# Some of my lathe work



## misfire (Oct 27, 2008)

I spend about 8 months out of the year making duck, goose and turkey calls. The majority are spun from my Jet lathe and sent around the country. The rest of the time I spend actually pursuing the game and various other little things in the shop. Here are some of my duck calls
This one is some of the most amazing amboyna burl I have happened upon. Just enough sap wood and spalting to make it truly unique. The band is eucalyptus burl and the insert is striped ebony









Next is a yellowbox burl barrel, padauk band and kingwood insert









This is a cocobolo call, but all the white you see is actually elk antler










This last one is a maple burl barrel, mora insert and east india rosewood band


----------



## misfire (Oct 27, 2008)

here are a few of my friction style turkey calls
This is a eucalyptus burl pot









Next is an amboyna burl pot









These were a set of calls to commerate the armed forces of the greatest country on earth. The proceeds were donated to an organization that sends much needed supplies over seas to our troops that they normally would not receive


----------



## jpr28056 (Jan 23, 2010)

Very nice calls and nice hooded merganser. Are you doing the insides yourself or buying them? Plastic or metal reeds? Sorry for the questions but I just got the stuff to try (stress the try) and make a duck call.


----------



## misfire (Oct 27, 2008)

I dont mind questions, how else are you supposed to learn??. I make every bit of the call. I buy brass tubing and cut it and make my own bands, also buy sheets of .010 mylar to make my own reeds. The only thing I buy already made is guts for my goose calls. 
Please feel free to PM or email me with any questions you may have. I started out using the kit from Hut, worst sounding duck call I ever heard. That was a few years ago, and I am still learning stuff


----------



## brown down (Mar 2, 2010)

i found that out also, with the duck calls and goose calls. did you buy a jig and go from there? i wanted to start going further with my calls and well i don't know if the jig is worth it. 200$ or around about. and if you use a jig or started from that any particular one you might have in mind? by the way the calls look absolutely phenomenal


----------



## thekctermite (Dec 23, 2007)

Good looking calls! 

Brown Down and JPR28056, Misfire's right when he says Hut duck calls are the worst sounding duck call you've ever heard! Most duck call kits are that way. Some guys opt to just buy pre-made inserts from Echo. Those sound perfect.

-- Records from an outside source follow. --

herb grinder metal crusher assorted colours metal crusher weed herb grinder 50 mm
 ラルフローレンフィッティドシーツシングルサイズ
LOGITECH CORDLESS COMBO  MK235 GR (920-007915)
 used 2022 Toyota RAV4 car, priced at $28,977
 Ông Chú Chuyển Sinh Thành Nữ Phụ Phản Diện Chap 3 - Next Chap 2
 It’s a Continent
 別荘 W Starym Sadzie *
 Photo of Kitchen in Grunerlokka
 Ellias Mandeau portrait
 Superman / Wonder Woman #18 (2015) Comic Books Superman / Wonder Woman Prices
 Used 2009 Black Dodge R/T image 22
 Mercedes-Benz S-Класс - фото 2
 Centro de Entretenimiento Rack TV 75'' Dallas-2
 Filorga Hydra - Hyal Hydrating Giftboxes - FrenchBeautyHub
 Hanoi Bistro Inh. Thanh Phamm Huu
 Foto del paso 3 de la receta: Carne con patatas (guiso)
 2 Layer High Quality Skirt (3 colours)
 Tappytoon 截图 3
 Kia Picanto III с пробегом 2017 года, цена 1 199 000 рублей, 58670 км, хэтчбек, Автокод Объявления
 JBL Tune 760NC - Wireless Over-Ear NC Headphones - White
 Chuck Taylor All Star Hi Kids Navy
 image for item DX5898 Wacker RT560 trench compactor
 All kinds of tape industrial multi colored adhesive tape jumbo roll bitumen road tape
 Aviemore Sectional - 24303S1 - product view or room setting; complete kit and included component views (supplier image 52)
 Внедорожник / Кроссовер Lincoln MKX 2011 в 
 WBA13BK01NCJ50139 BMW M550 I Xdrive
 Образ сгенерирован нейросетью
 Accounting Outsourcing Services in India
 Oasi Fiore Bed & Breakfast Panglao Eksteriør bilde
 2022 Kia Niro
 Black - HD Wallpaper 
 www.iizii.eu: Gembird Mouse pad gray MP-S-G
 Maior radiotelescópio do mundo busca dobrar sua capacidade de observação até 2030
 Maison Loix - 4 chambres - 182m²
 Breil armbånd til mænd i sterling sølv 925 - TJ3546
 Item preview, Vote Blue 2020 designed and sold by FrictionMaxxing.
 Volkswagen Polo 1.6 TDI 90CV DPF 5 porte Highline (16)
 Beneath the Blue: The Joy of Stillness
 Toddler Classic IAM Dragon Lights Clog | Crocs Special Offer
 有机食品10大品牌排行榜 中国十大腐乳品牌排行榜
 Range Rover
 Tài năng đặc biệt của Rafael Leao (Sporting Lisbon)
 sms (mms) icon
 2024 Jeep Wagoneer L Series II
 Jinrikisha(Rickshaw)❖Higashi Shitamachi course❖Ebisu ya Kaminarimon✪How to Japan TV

You can get started pretty well by purchasing a "public" jig to make duck call toneboards. Most are in the $100-$150 range. Without a jig you'll never get repeatability in your inserts and you'll end up frustrated. Wade at Webfoot Custom Calls makes great jigs and also sells parts and pieces. He also sells a flat jig that gives you the cork notch and allows you to file your toneboards until you get the sound you want. When you get there, a custom jig can be made to your design for $300. Everything matters with duck calls. Reed material/width/length/angle, cork, tone channel diameter and depth on the toneboard, toneboard profile, exhaust diameter, etc.....A jig won't immediately give you good duck calls. It is a starting point.


----------



## misfire (Oct 27, 2008)

You can also find a public jig on eBay occasionally offered by rivermallard. Great starting points like kc mentioned. But if you plan on getting more in depth with your call making ability, a jig is a MUST!!!!!


----------



## thekctermite (Dec 23, 2007)

You can also get RiverMallard's public jig directly from him. He has a website.


----------



## jpr28056 (Jan 23, 2010)

thekctermite said:


> Good looking calls!
> 
> Brown Down and JPR28056, Misfire's right when he says Hut duck calls are the worst sounding duck call you've ever heard! Most duck call kits are that way. Some guys opt to just buy pre-made inserts from Echo. Those sound perfect.
> 
> You can get started pretty well by purchasing a "public" jig to make duck call toneboards. Most are in the $100-$150 range. Without a jig you'll never get repeatability in your inserts and you'll end up frustrated. Wade at Webfoot Custom Calls makes great jigs and also sells parts and pieces. He also sells a flat jig that gives you the cork notch and allows you to file your toneboards until you get the sound you want. When you get there, a custom jig can be made to your design for $300. Everything matters with duck calls. Reed material/width/length/angle, cork, tone channel diameter and depth on the toneboard, toneboard profile, exhaust diameter, etc.....A jig won't immediately give you good duck calls. It is a starting point.


The worst sounding duck call was any call that I was blowing unless it was my old Yentzen. That was the only call I was ever able to blow effectively.


----------